Derek Clarke

Personal information
- Date of birth: 19 February 1950 (age 76)
- Place of birth: Willenhall, England
- Height: 5 ft 8+1⁄4 in (1.73 m)
- Position: Forward

Youth career
- –: Walsall

Senior career*
- Years: Team / Apps / (Gls)
- 1967–1968: Walsall / 6 / (2)
- 1968–1970: Wolverhampton Wanderers / 5 / (0)
- 1970–1976: Oxford United / 178 / (35)
- 1976–1978: Orient / 36 / (6)
- 1978: → Carlisle United (loan) / 1 / (0)
- Total:  / 226 / (43)

= Derek Clarke =

English footballer

Derek Clarke (born 19 February 1950) is an English former professional footballer who played in the Football League as a forward for Walsall, Wolverhampton Wanderers, Oxford United, where he spent the majority of his career, Orient and Carlisle United. He is the third of five footballing brothers, the others being Frank, Allan, Kelvin and Wayne, who all played League football.

Clarke was born in Willenhall, and began his professional career at nearby Walsall.
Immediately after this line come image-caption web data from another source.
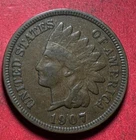1907 US Indian Head Cent! Very Fine! Old US Coin!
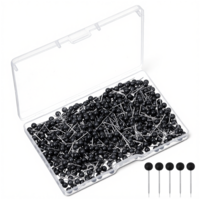 500 Pack Black Push Pins Map Pins for Travel Map Black Thumb Tacks for Wall 1/8 Inch Small Round Head Marking Push Pin for Travel Picture Photo Cork Board Wall Bulletin Board Sewing DIY Craft Home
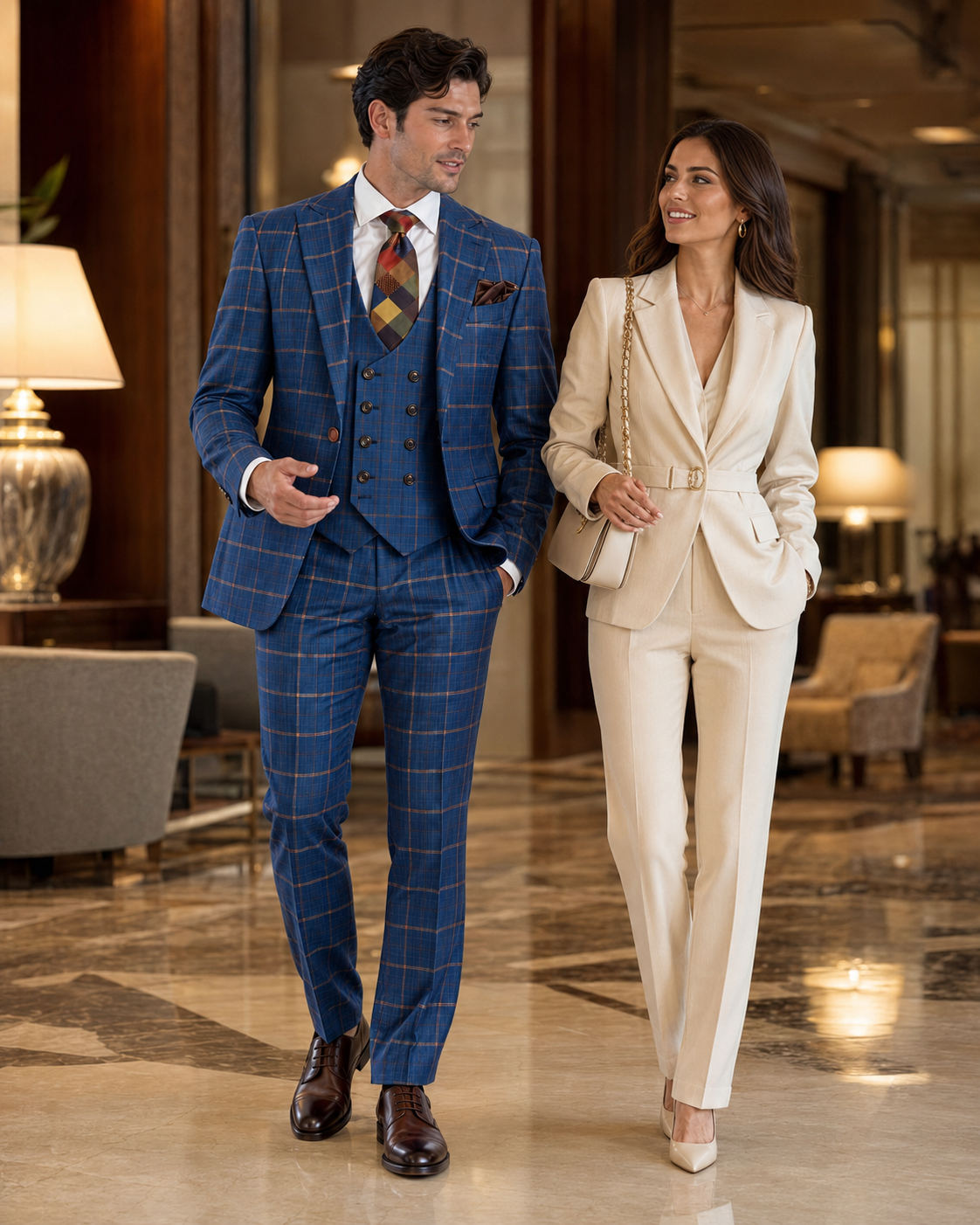 Rossiman Suits Brand - Plaid Textured Double breasted Style - Windowpane Pattern in Color Navy and Gray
He joined Wolverhampton Wanderers in 1968, but made just five appearances in two full seasons for the First Division club before moving to Oxford United in October 1970. He spent six years at Oxford, making 178 Second Division appearances, then left the Manor Ground when the club was relegated in 1976. He then joined Orient, where he spent two seasons, which included an appearance in the semi-final of the 1977–78 FA Cup and a loan spell at Carlisle United, before injury forced his retirement.